The task:
Taking the line containing "Watering hose pipe garden flowers" as the first and the last line of the entries as the end, reproduce every line between them exactly, including both.

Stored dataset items
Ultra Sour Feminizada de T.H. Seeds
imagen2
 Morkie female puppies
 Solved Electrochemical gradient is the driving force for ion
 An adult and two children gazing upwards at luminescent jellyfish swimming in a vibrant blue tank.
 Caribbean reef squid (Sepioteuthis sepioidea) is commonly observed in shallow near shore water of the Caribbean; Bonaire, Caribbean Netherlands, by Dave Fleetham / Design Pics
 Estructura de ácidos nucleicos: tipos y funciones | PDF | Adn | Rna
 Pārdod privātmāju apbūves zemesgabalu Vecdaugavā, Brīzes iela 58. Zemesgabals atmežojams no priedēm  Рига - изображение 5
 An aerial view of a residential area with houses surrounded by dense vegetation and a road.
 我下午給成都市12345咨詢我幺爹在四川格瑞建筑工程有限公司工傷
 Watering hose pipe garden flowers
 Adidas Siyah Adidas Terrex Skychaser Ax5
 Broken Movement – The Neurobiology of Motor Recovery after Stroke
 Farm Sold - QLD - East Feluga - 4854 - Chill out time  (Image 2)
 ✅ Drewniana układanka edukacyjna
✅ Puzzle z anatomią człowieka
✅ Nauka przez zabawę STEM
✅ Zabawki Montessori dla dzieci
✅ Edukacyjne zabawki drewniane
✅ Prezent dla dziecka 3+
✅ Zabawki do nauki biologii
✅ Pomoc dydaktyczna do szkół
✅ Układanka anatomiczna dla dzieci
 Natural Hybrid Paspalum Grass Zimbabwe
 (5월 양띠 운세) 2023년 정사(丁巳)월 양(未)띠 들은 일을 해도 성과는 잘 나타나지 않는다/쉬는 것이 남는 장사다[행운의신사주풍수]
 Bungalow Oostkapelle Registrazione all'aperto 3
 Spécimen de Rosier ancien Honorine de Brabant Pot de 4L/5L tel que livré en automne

Answer for this exercise:
 Watering hose pipe garden flowers
 Adidas Siyah Adidas Terrex Skychaser Ax5
 Broken Movement – The Neurobiology of Motor Recovery after Stroke
 Farm Sold - QLD - East Feluga - 4854 - Chill out time  (Image 2)
 ✅ Drewniana układanka edukacyjna
✅ Puzzle z anatomią człowieka
✅ Nauka przez zabawę STEM
✅ Zabawki Montessori dla dzieci
✅ Edukacyjne zabawki drewniane
✅ Prezent dla dziecka 3+
✅ Zabawki do nauki biologii
✅ Pomoc dydaktyczna do szkół
✅ Układanka anatomiczna dla dzieci
 Natural Hybrid Paspalum Grass Zimbabwe
 (5월 양띠 운세) 2023년 정사(丁巳)월 양(未)띠 들은 일을 해도 성과는 잘 나타나지 않는다/쉬는 것이 남는 장사다[행운의신사주풍수]
 Bungalow Oostkapelle Registrazione all'aperto 3
 Spécimen de Rosier ancien Honorine de Brabant Pot de 4L/5L tel que livré en automne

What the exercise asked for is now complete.